→ RECORDED DATA:
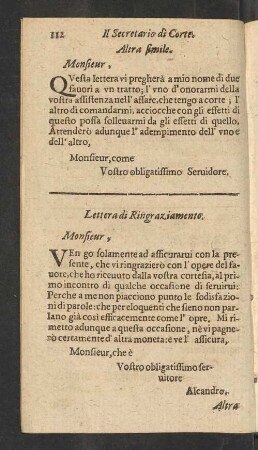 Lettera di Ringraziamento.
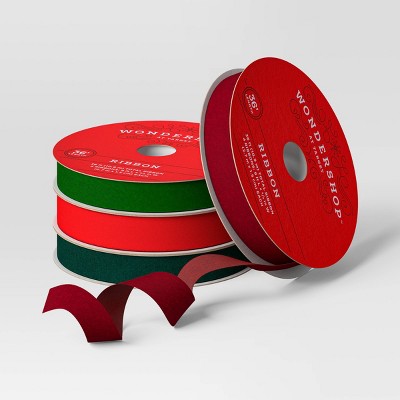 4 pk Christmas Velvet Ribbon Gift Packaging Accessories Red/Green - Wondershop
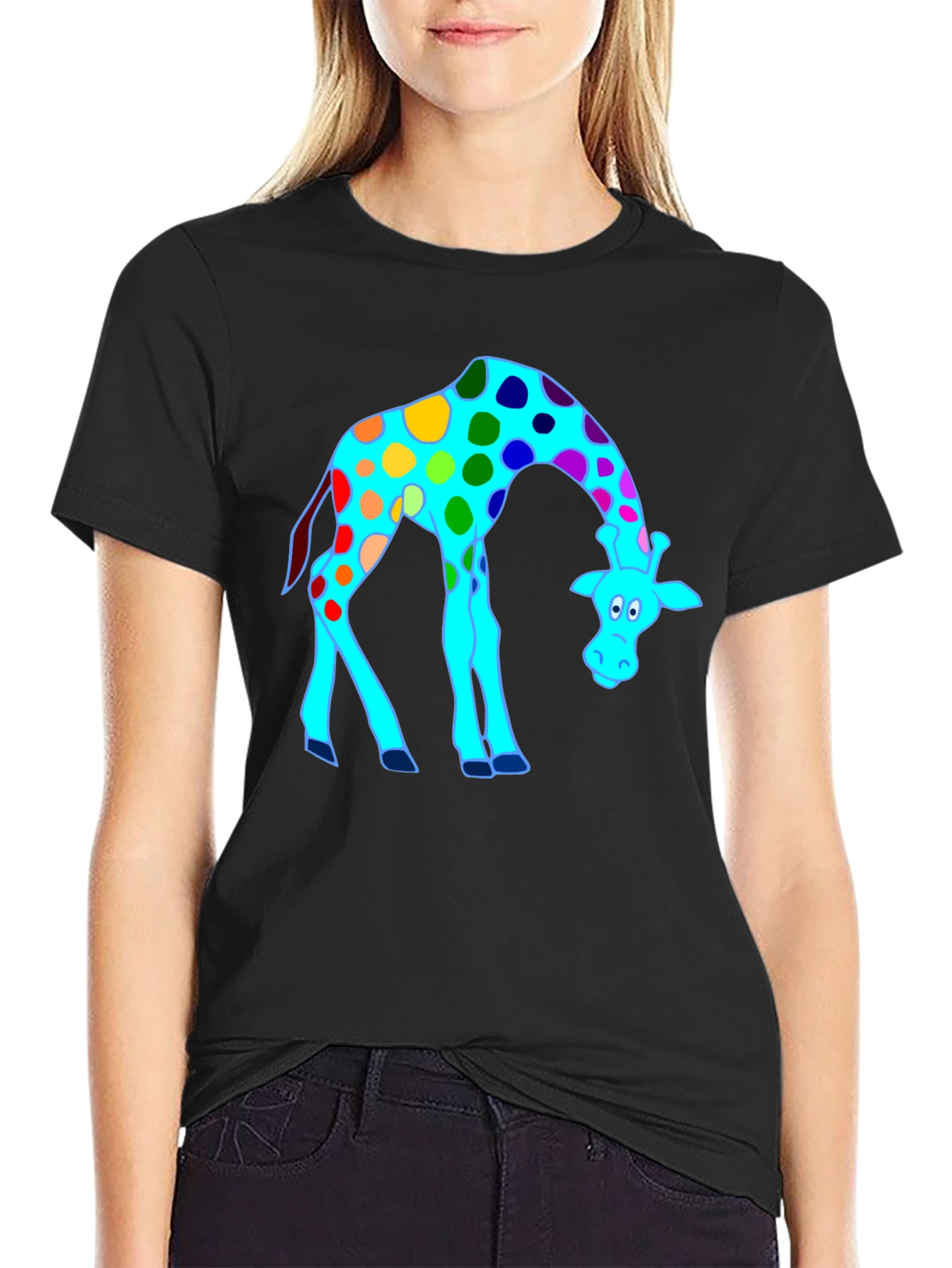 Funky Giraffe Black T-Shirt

→ INSTRUCTIONS TO FOLLOW:
Extract exactly the lines above from the line containing "4 pk Christmas" through the last one, both ends included, but not the pictures.

→ SOLUTION FOR THIS EXERCISE:
 4 pk Christmas Velvet Ribbon Gift Packaging Accessories Red/Green - Wondershop
 Funky Giraffe Black T-Shirt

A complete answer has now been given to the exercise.